Task item ->
Pictures stay out of the answer, but every line of the material must be restated exactly.

*** Supplied material ***

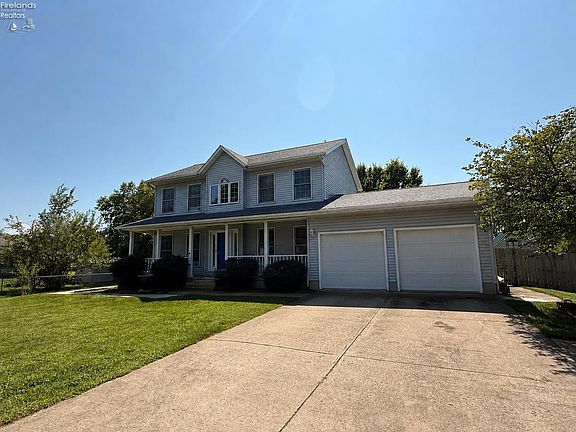 3rd image of 4704 Venice Rd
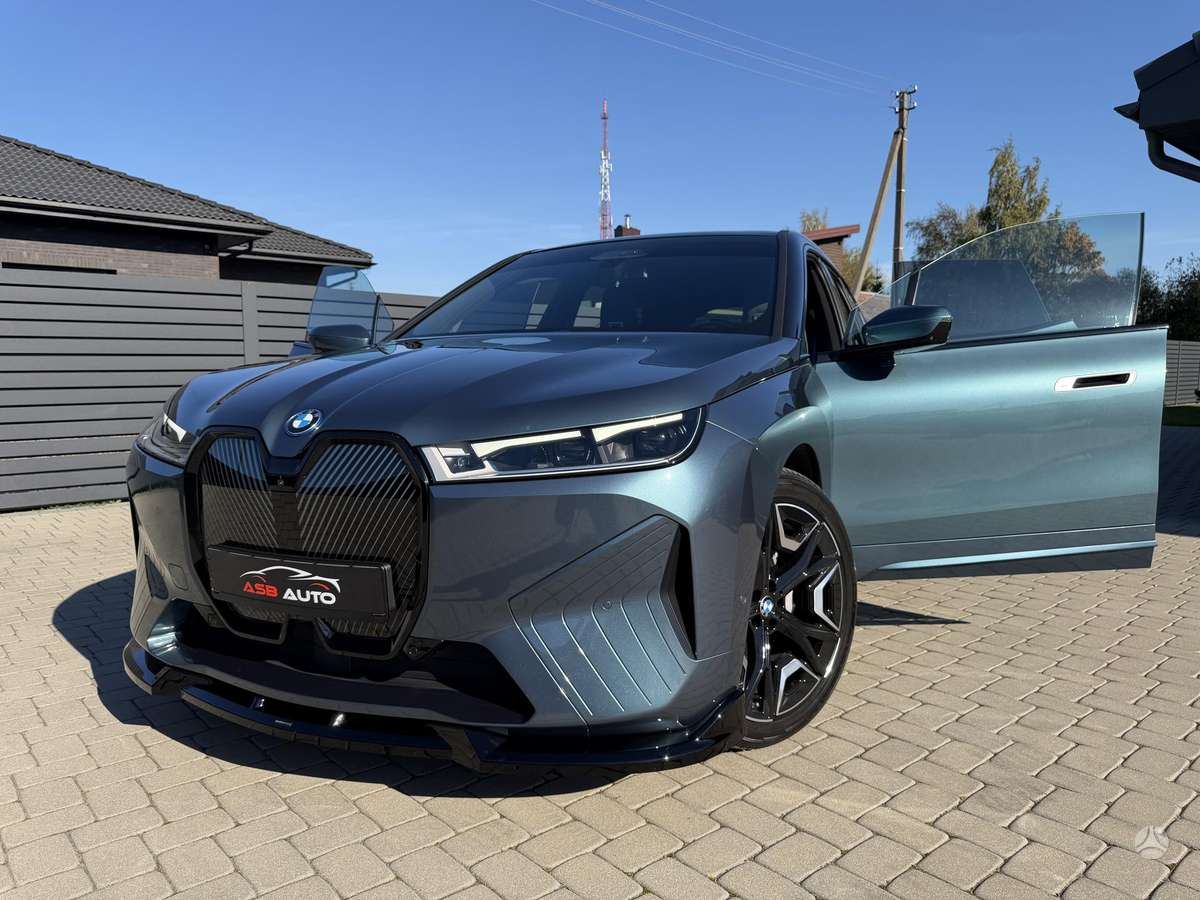 BMW iX, 77 kWh, off-road / crossover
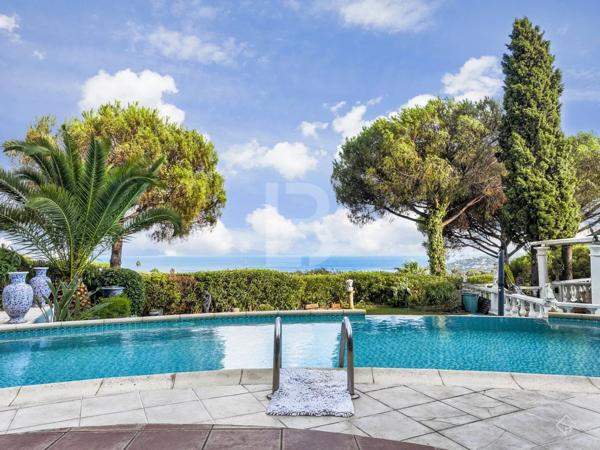 Villa provençale en pierre avec vue mer à Sainte-Maxime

*** End of Supplied material ***

Answer box ->
 3rd image of 4704 Venice Rd
 BMW iX, 77 kWh, off-road / crossover
 Villa provençale en pierre avec vue mer à Sainte-Maxime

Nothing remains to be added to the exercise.